The obvious trend is that the further away you are from KL city and mature areas in Klang Valley, the cheaper the per square footage costs. It’s hard to find anything new that’s close to the city for anything less than RM700 psf. You’ll likely find some great deals in new developments at Cheras or Puchong that can be bagged at RM500 psf or even less if you look at places like Kepong or Kajang. But do these places make good investments? First, we’d need to consider what makes an investment property a good investment. This is determined by two criteria – capital gains and monthly revenue.
People new to property investing will feel that capital gains is all that they are interested in and don’t consider the monthly pains of a monthly negative cash flow property. It’s always a good idea to make sure that your property investment is one that puts money into your bank each month. Robert Kiyosaki famously stresses that this is what makes a piece of property an asset, while the house that you live in, is not an asset. An asset, by his definition, is something that puts money into your bank each month – something that gives you a monthly revenue. For this to be possible, you need to be able to rent out your property for a sum that’s larger than the total of your monthly commitment that you are paying out each month.
So, this means that the total cost of your monthly commitment needs to be able to be covered by a tenant that can pay you more each month than what you need to pay out each month for your investment property. Location is what makes all the difference here. It’s necessary that you do your research on the location that you’re looking at to determine if your property investment is in the right location or not. Pick an area that has low demand and low rental rates and you will need to look for an investment property that is equivalent in terms of costs. The best way to do this is by looking at property price trends in an area and then comparing them to property rental rates in that particular location. You can do this on propertyguru.com and Airbnb with ease. When looking at short-term rental rates on Airbnb, make sure to have a look at the occupancy rates for the listings already there. This will give you an idea of how many days people are renting out the unit for each month.
Once you’ve had a look at the long-term rental rates and short-term rental rates (with a little math) you’ll be able to figure out if the location you’re looking at offers you a decent chance of earning enough from a tenant to cover your monthly commitment. This will let you know whether your property investment is in the right location.
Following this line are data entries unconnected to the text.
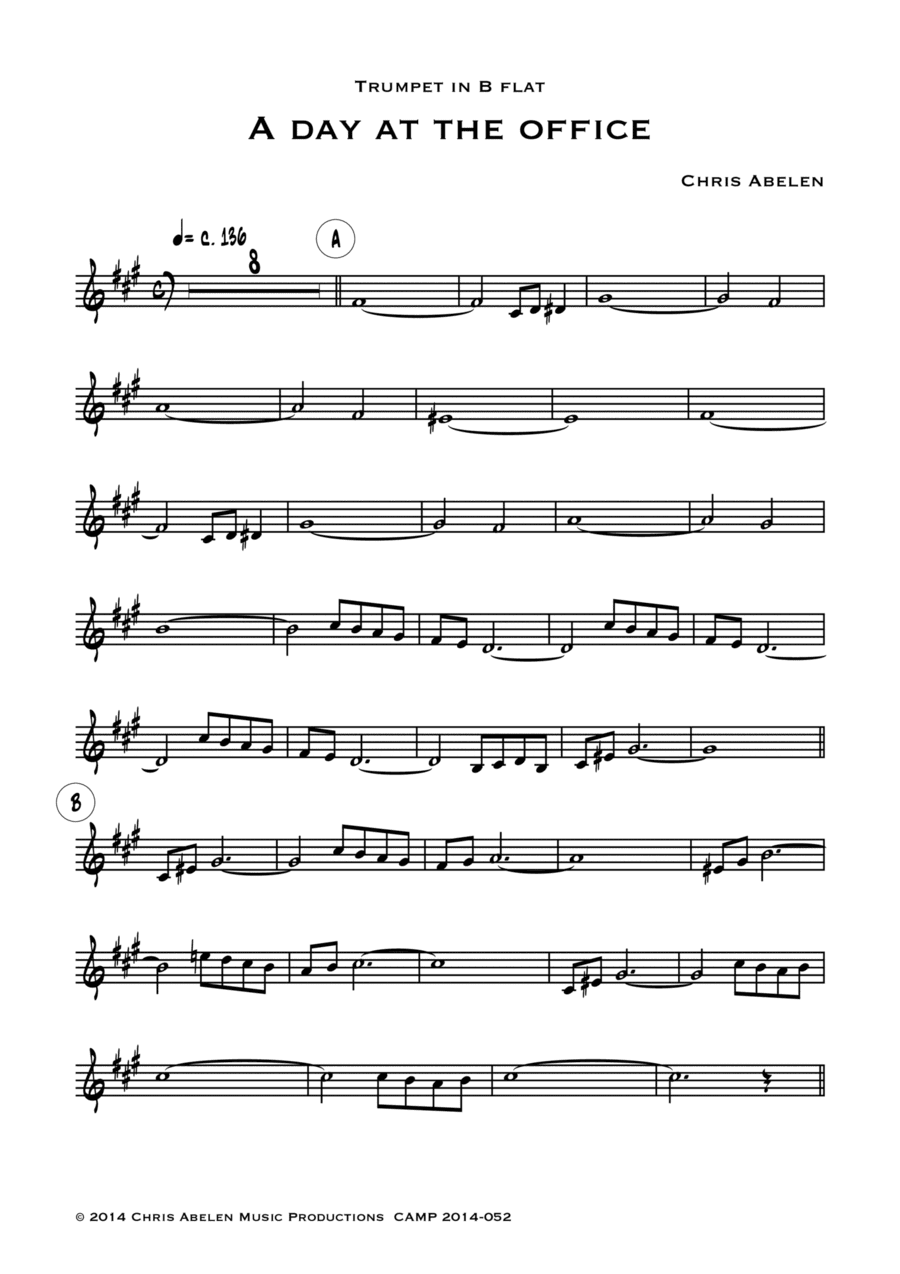 A day at the office (album) - 13 trumpet in b flat parts
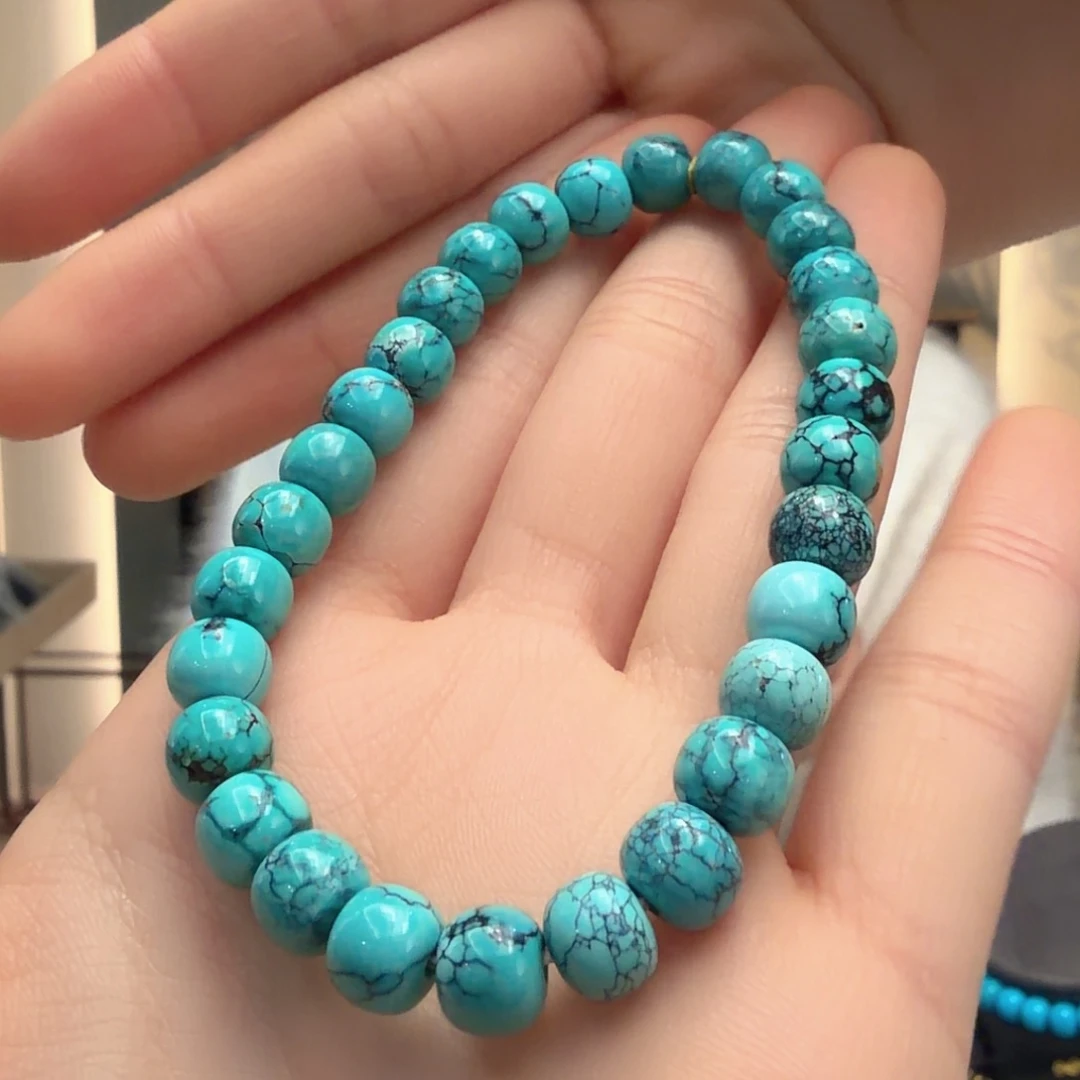 绿松石未镶嵌颈饰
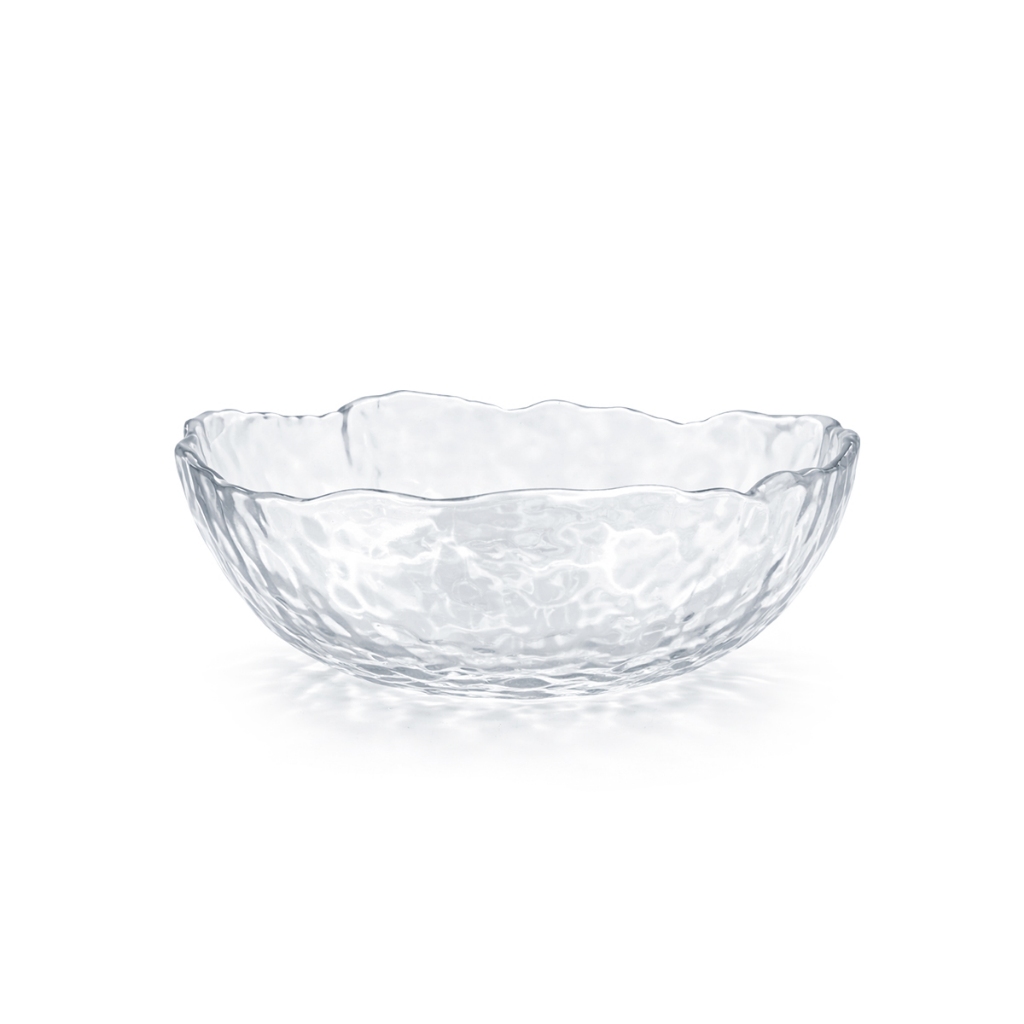 Bowl Tigela Vidro Servir Decorar 1 Litro Orgânico Multiuso Cozinha Preparo Saladeira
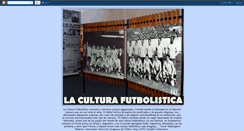 Desktop Screenshot of laculturafutbolistica.blogspot.com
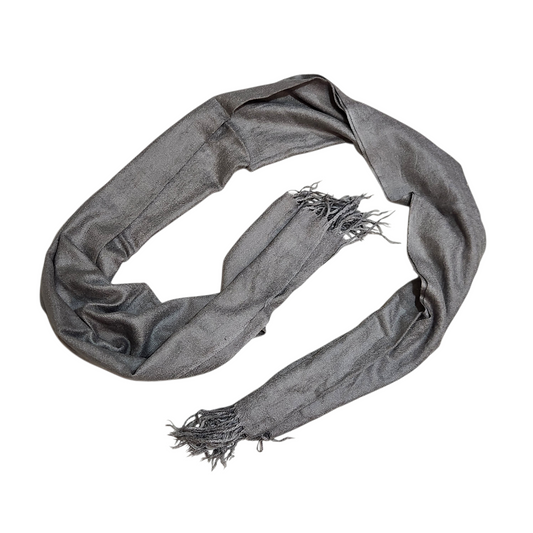 צעיף אפור דק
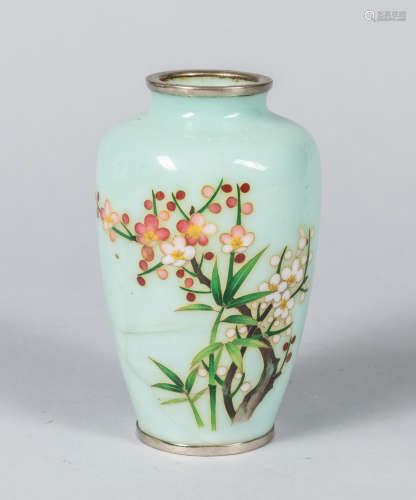 Japanese Old Cloisonné Enamel Cabinet Vase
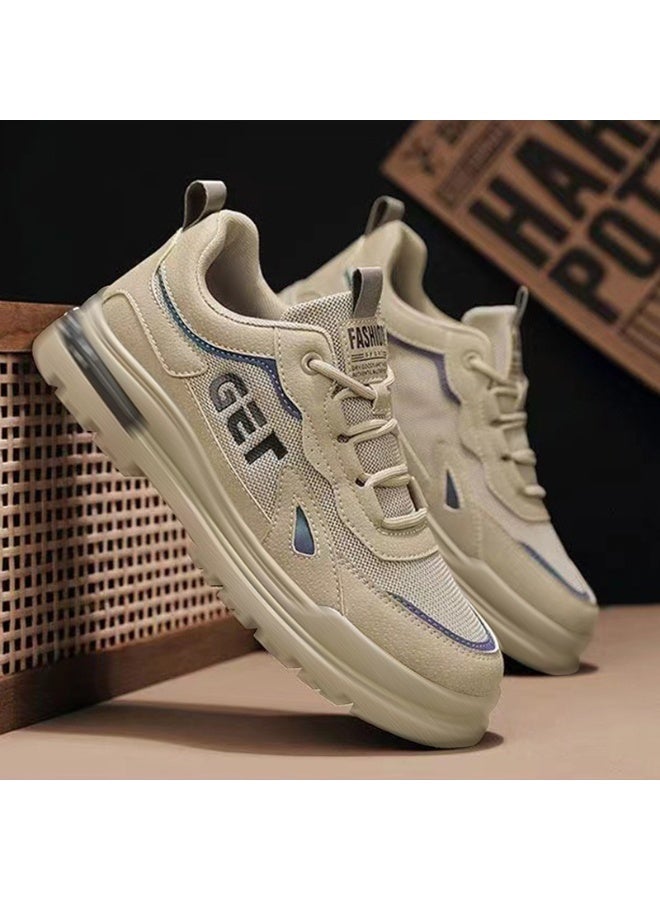 Get Summer  Classic Men Works Shoes Summer Mesh Breathable Sneakers Outdoor Male Casual Shoe Non-slip Sports Running Shoes Tenis - Image 1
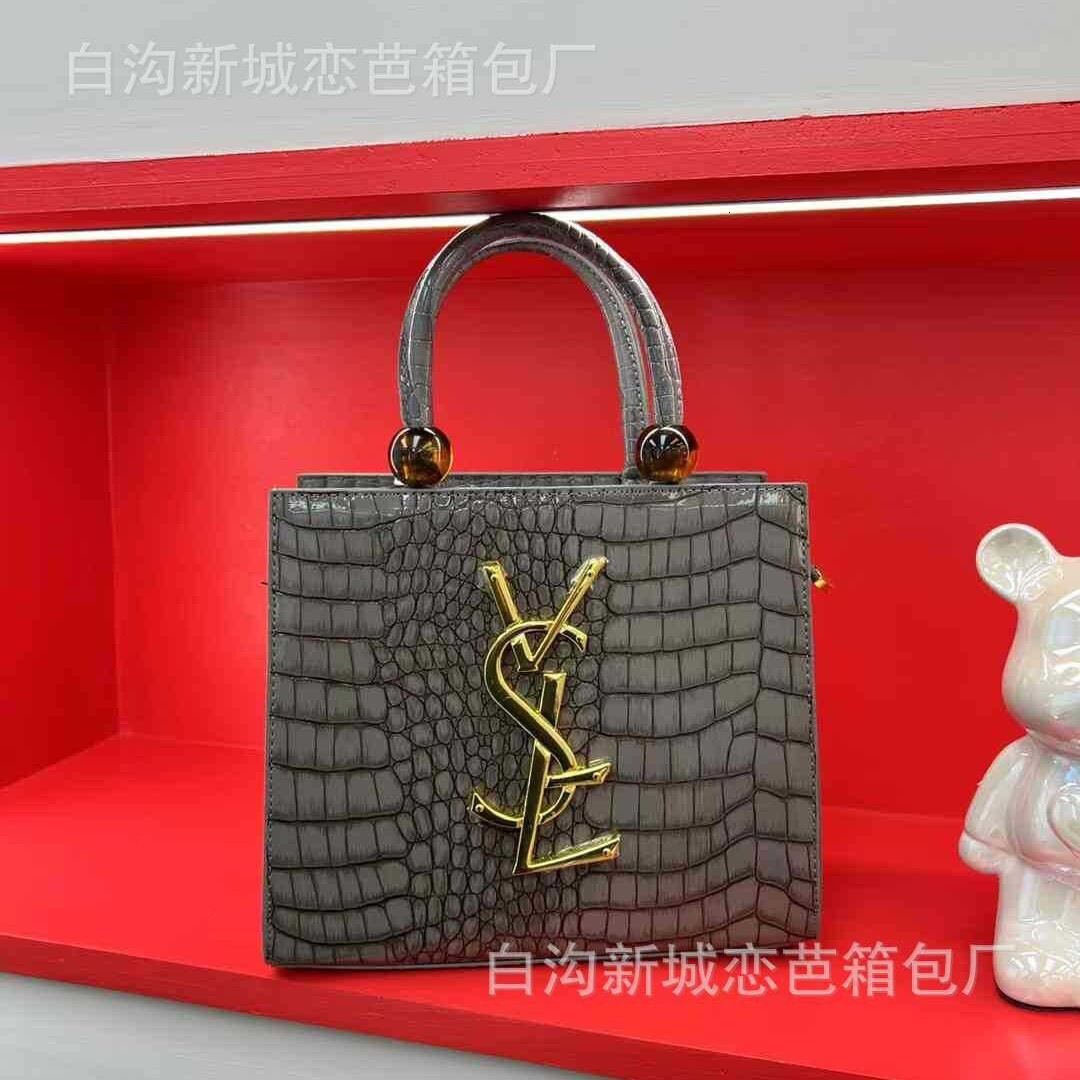 Designer 2025 New Beaded Fashion Handbag Stone Pattern Tote High-end Shoulder Crossbody Light Luxury Women's Bag
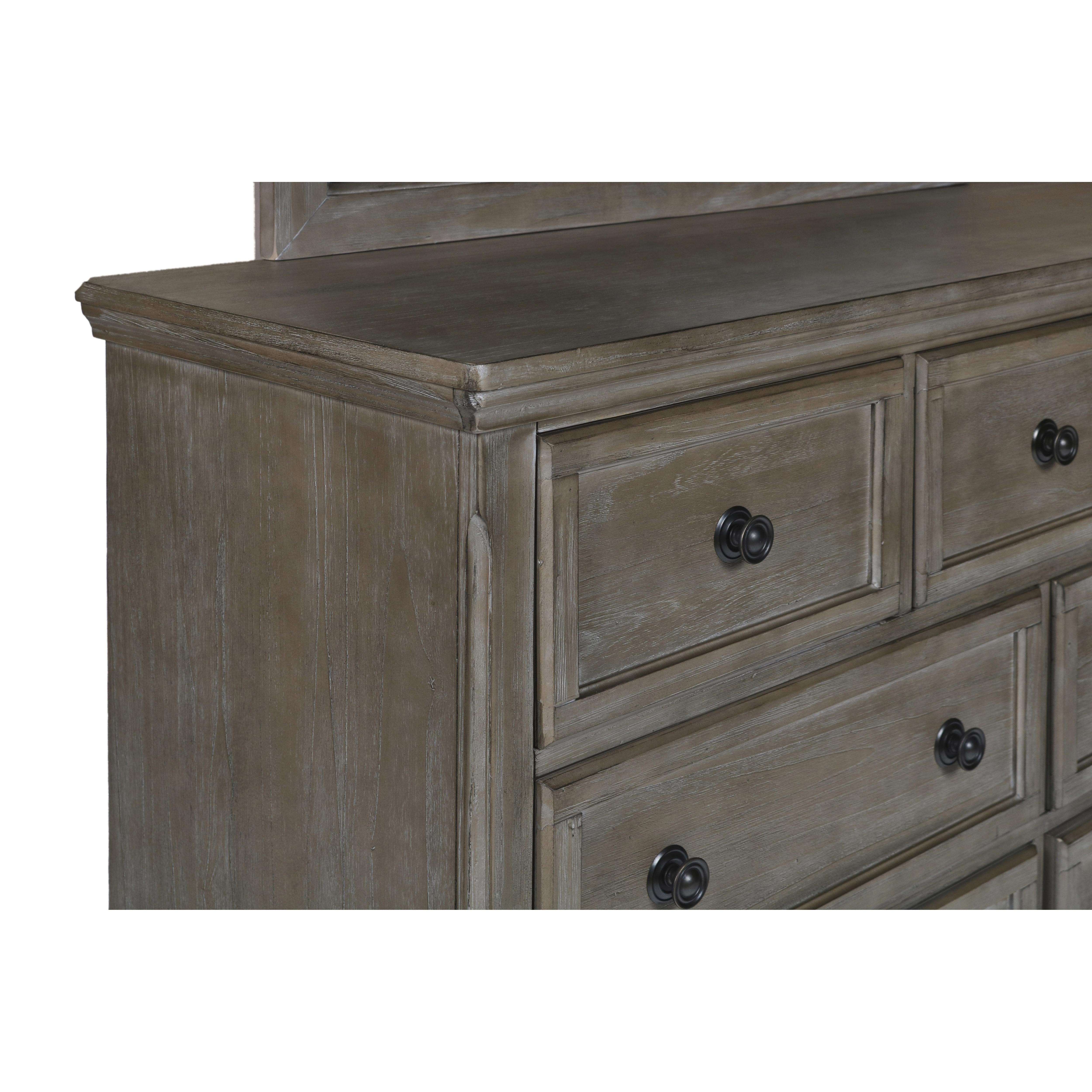ALLEGRA YOUTH MIRROR-PEWTER - Ideal Furniture (Fresno,CA) 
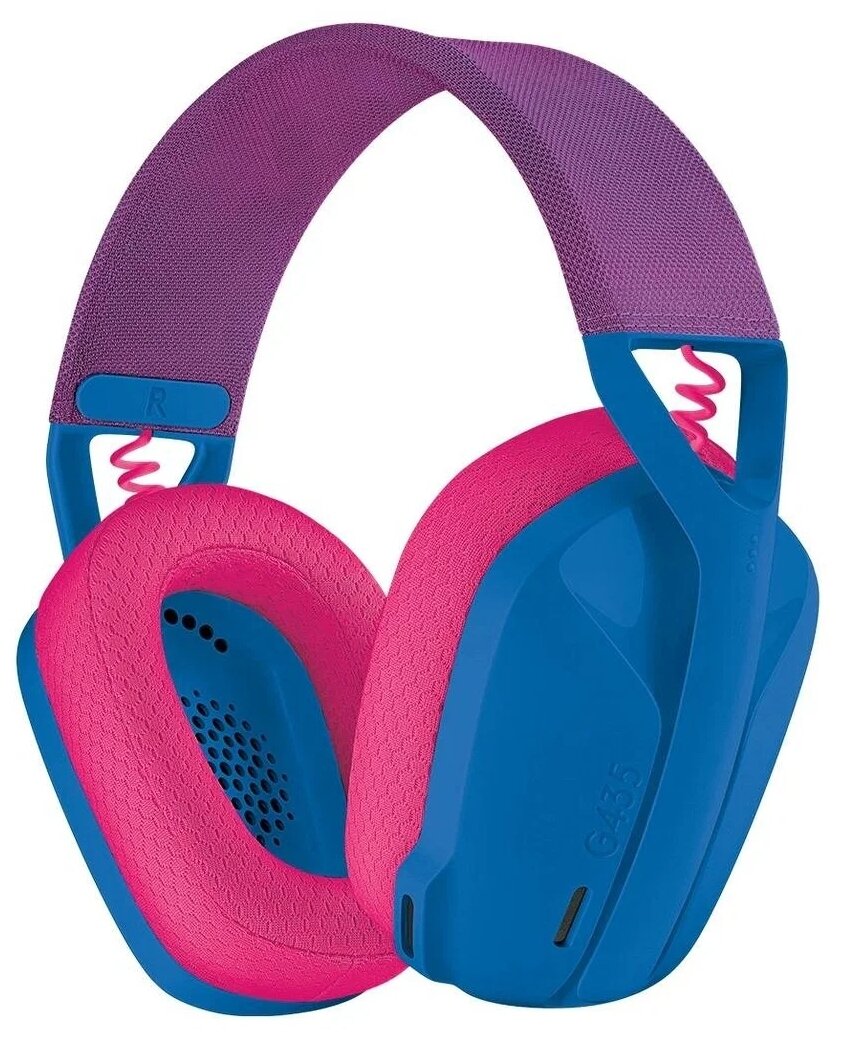 Беспроводные наушники Logitech G G435, Blue And Raspberry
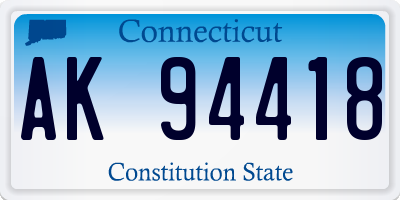 CT license plate AK94418
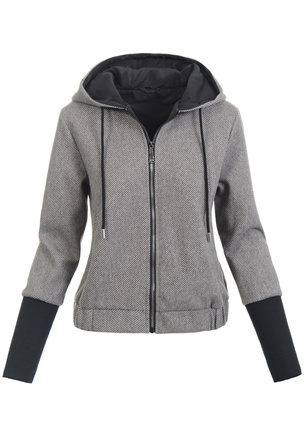 Damski Płaszcz Przejściowy Brązowy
But what about capital gains? Buying an investment for capital gains can be a good idea but with RPGT (Real Property Gains Tax), you’re likely to only sell in 5 years at the very least or have the government swoop in and take a nice chunk out of your earnings. 5 years means, 5 years of that property eating away at your hard-earned cash each month. 5 years is 60 months and if you’re property works out to be a net negative of RM1500 a month, that means that over those 5 years, your property commitment is going to cost you RM90,000. There goes another significant portion of your capital gains. I’m not saying that this is completely impossible and there is the fact that all Malaysians are given the opportunity to sell off one property in their lifetime without having to pay RPGT. It’s just that it’s a big risk taking on a liability in the hopes that it could one day turn a profit for you.
After all is said and done though, I’d prefer to side with Kiyosaki that when deciding how to determine a good location for property investment it should always be based on the monthly revenue. Capital gains is an added bonus that you get if you look for an investment property that is in a great location that has good upside potential. The tools are available for everyone to determine what is a good location for property investment. It just takes a little time and some math.